Lots of great information on living green - 2009-09-13
Reviewer Rating: 1 star rating2 star rating3 star rating4 star rating5 star rating
This book can be preachy and a bit breathless in some of its content, but it's really a fascinating and educational read.

Conner works hard to cover a lot of topics and gives you material on everything from the chemicals you may not know about in your home to alternate and renewable energy sources. Along the way she also covers raising a green family (I raised two kids via cloth diapers and was happy to see them covered), building/remodeling, eating green, responsible shopping, and a number of other topics.

A number of topics were thrown out without enough evidence of whether or not there's really a basis for concern (the impact of volatile organic compounds offgassing from foam in furniture or dryboard markers, for example), but generally Connor does a very nice job of giving you a good background on the topics she's writing about. There are also a lot of resources referenced in the book so you're able to go look at more material from one side of the story, at least.
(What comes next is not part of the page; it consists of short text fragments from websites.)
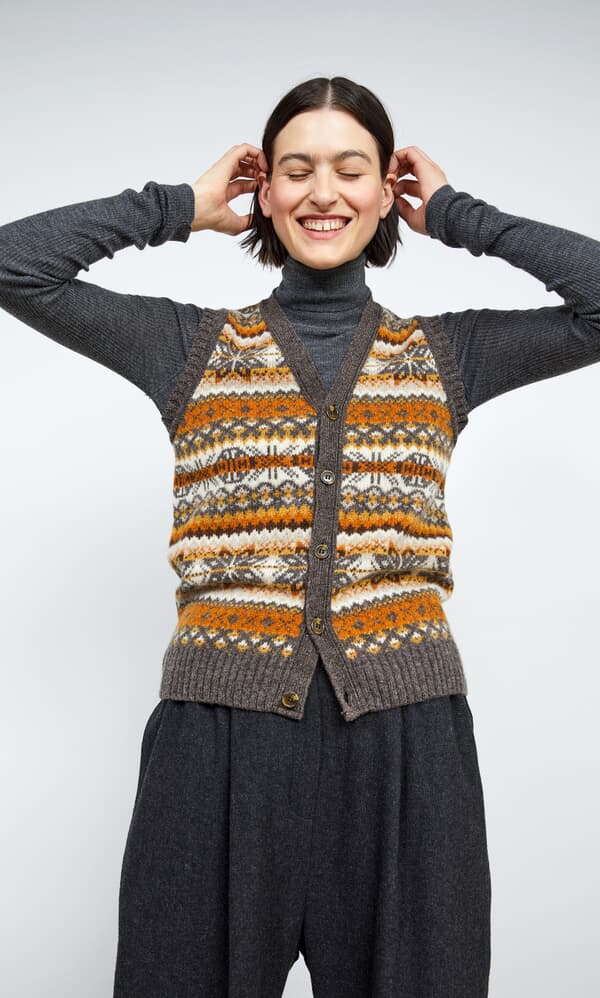 Melton brown waistcoat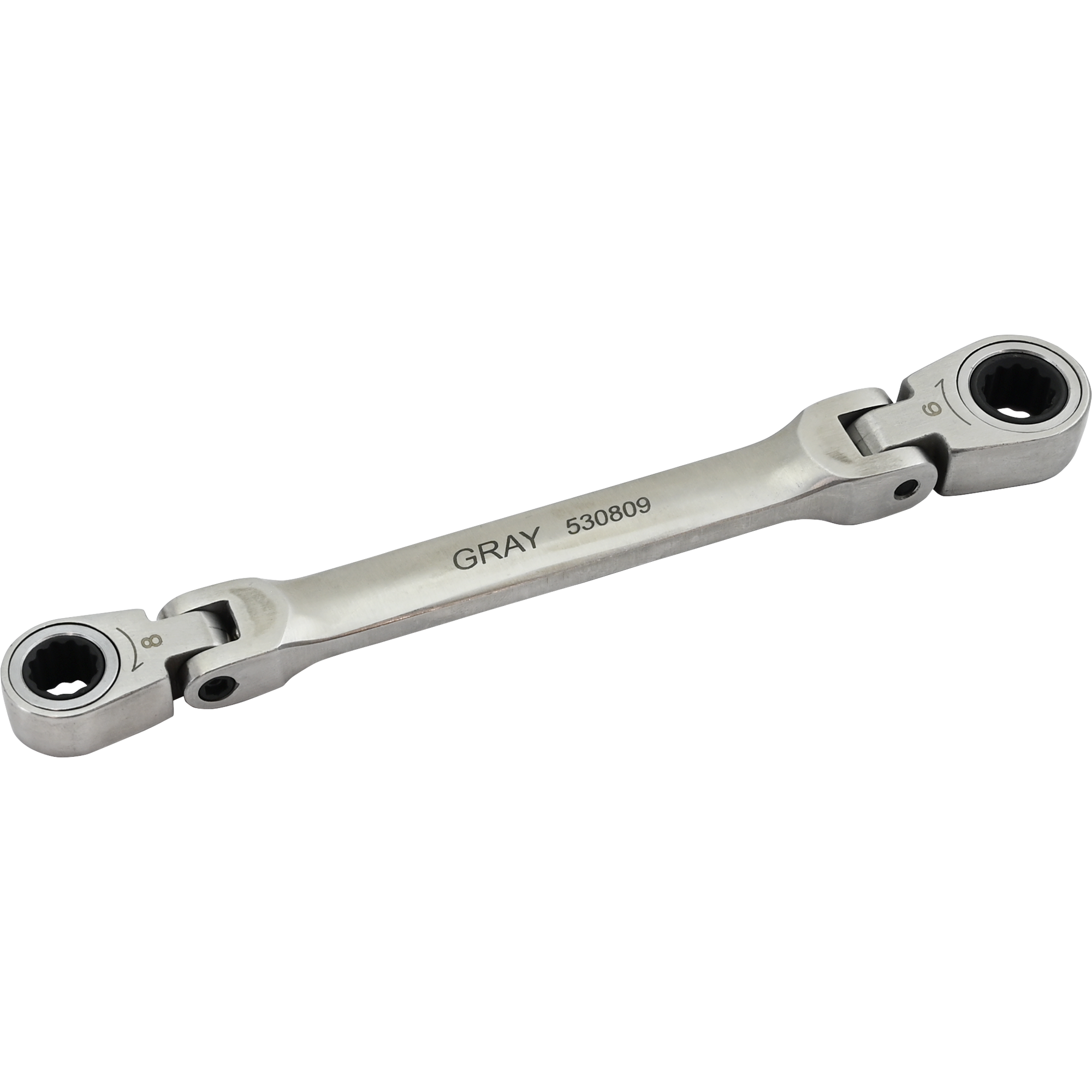 Metric Double Box End Flex Head Multi-Gear Ratcheting Wrenches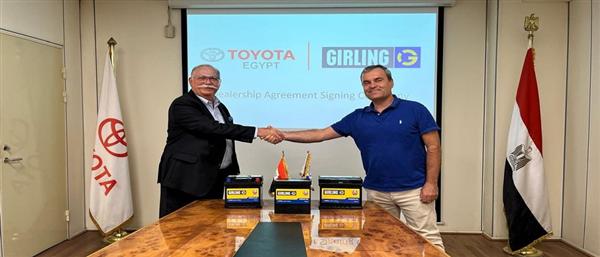 تويوتا توقّع شراكة تعاون جديدة مع VT Batteries لتصبح الموزع الحصري لبطاريات Girling الإنجليزية بمصر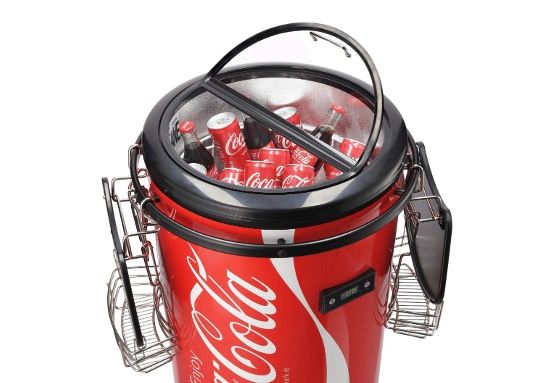 🏠 Coca Cola Party Cooler Kühltonne 50l mit Kompressor ➡️ für 305€ (statt 360€)
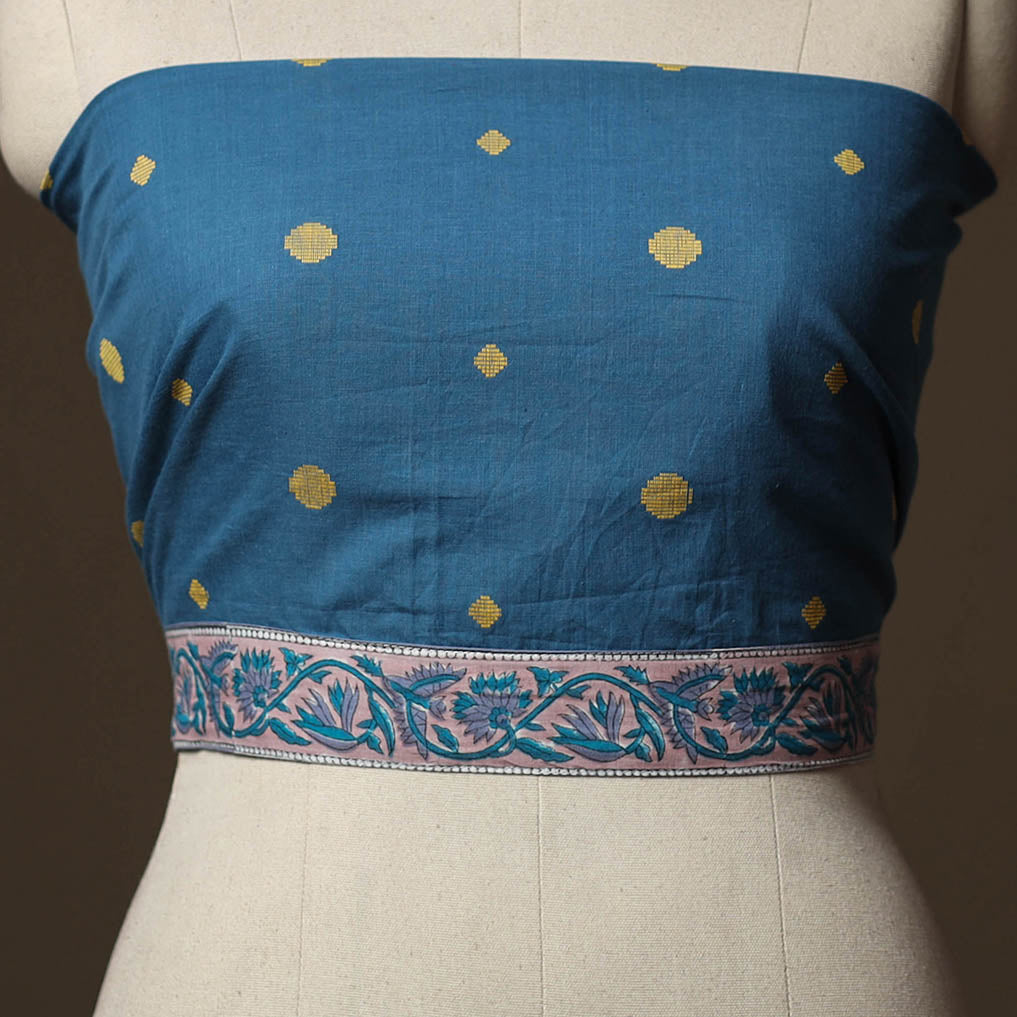 Jacquard Weave Cotton Blouse Piece 35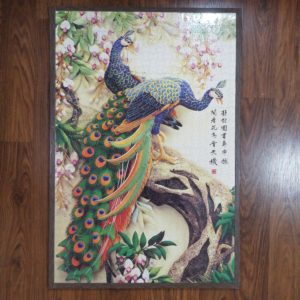 JSP040 - 1000pcs - 53.0 x 78.0cm (Jigsaw - 50 x 75.0cm) - 12mm Solid Wood with ABS Edging - Double Tape Puzzle to wood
While there's a chapter dedicated to "Reduce, Reuse, Recycle," Brown seems to carry that theme through the book. I don't know if that was intentional or not, but I found it very helpful to consistently find small reminders of those principles in many of the book's topics. I'm a proponent of reducing the number of things around me and trying to reuse as much as possible - but I'm nowhere near as good at it as I'd like to be.

Overall I enjoyed the book and found it very useful.